DESPITE growing signs that Japan's voters want a general election, the leaders of the country's ruling coalition government appear unwilling to let them have their say any time soon.
Prime Minister Tomiichi Murayama announced an unexpected New Year's resolution on Friday - his intention to leave office - and it immediately became clear that International Trade and Industry Minister Ryutaro Hashimoto would take over the premiership.
The rise of Mr. Hashimoto, a lifelong politician whose manner veers between self-assurance and cockiness, is provoking both frustration and relief. Many Japanese are happy to see Mr. Murayama go, since he often seemed weak during his 18 months in office. On Friday, word of Murayama's departure prompted a turnaround on the Tokyo stock market, where share prices rose.
But Hashimoto will be the fourth man to become premier since the country's last general election, held in July 1993, and commentators and opinion polls convey a fatigue with politicians repeatedly choosing new prime ministers and cabinets by themselves.
Japan's two most important newspapers, the Yomiuri and the Asahi, both say Murayama's resignation demands a general election. According to an opinion poll conducted by Asahi television over the weekend, roughly 60 percent of Japanese adults agree.
Ichiro Ozawa, Hashimoto's chief rival and the leader of the opposition New Frontier Party, is trying to capitalize on these sentiments. "I don't think it's right for the three ruling parties to shuffle the prime ministership among themselves this way and that without having an election," he said on Friday.
Hashimoto and his supporters insist the timing isn't right for an election, which must be held by mid-1997. They argue that politicians must now concentrate on passing next year's budget and on ensuring that Japan's slow climb out of a long recession proceeds without disruption.
But it is also true that virtually all politicians want as much preparation time as possible before being judged by their constituents. As always in politics, calculating which party can win is the paramount consideration. "If we thought we could win a majority," says Yasuhisa Shiozaki, a member of Hashimoto's Liberal Democratic Party (LDP) in the lower house of parliament (Diet), "we would hold elections right after the budget [is passed in April], but I think it will take longer" to gain the necessary confidence.

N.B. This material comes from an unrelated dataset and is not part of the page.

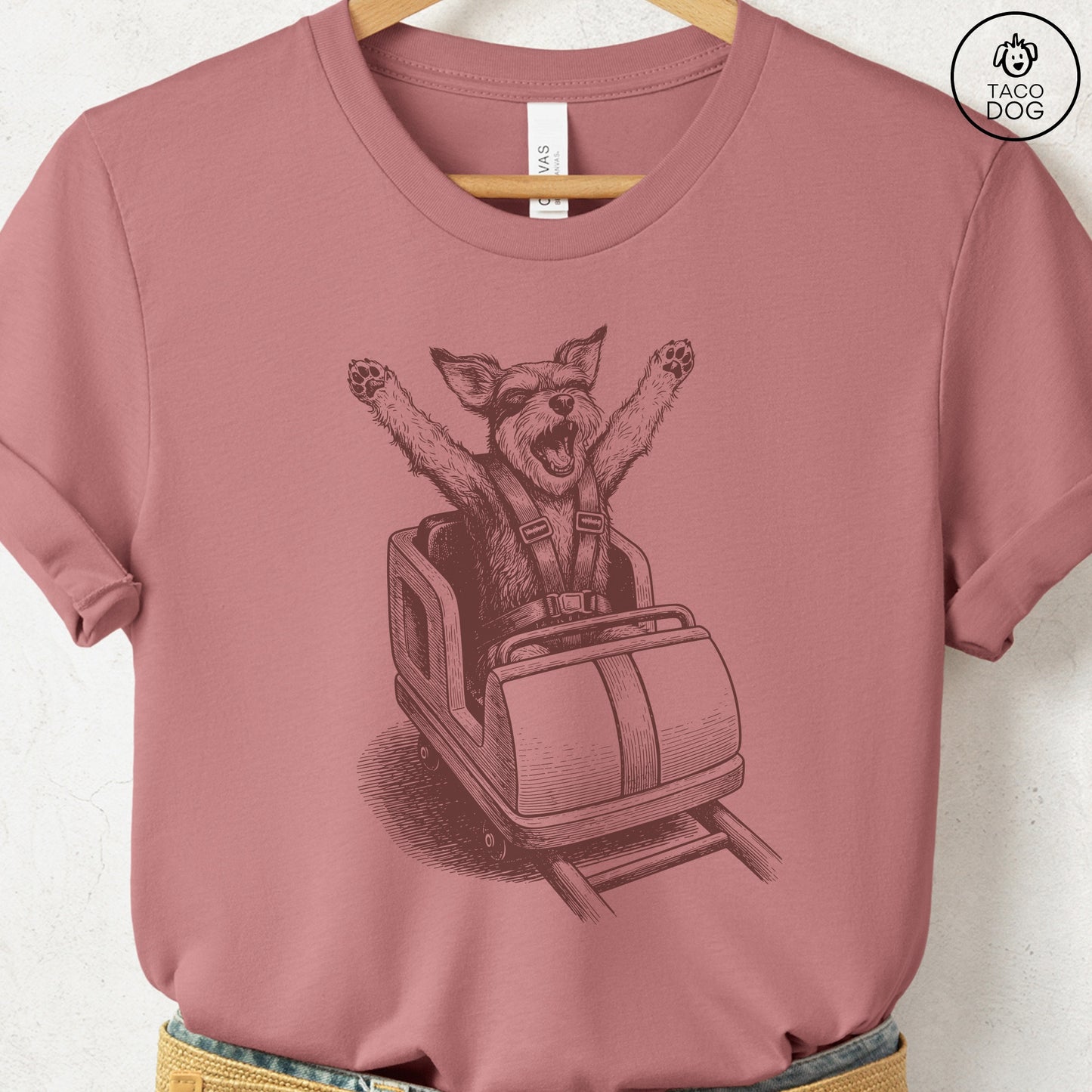 Schnauzer Roller Coaster T-Shirt Heather Mauve S Taco-Dog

Apparently operating on the theory that an incumbent always stands a better chance in an election, Hashimoto seems willing to risk offending voters by grasping power and perpetuating the existing three-party ruling coalition. It is Hashimoto's style to be headstrong, as he displayed during auto-trade negotiations with the United States last year, and this decision is no exception.
The July 1993 election heralded the end of Japan's post-war political system, which featured 38 years of rule by Hashimoto's LDP. Japan's Socialists provided strident but ineffectual opposition.
Weakened by incidents of corruption and the defections of self-proclaimed reformers such as Mr. Ozawa, the LDP lost its parliamentary majority in that vote. Opposition parties formed two subsequent governments, until the LDP found a way to regain power.
Overlooking almost four decades of fundamental disagreements, the LDP, the Socialists, and a small third party formed a coalition in June 1994. Having a Socialist premier gave the coalition a veneer of change, but the LDP has been by far the strongest party in it.
Analysts and politicians alike are unsure about what exactly the voters want but say that the current political system offers no accountability.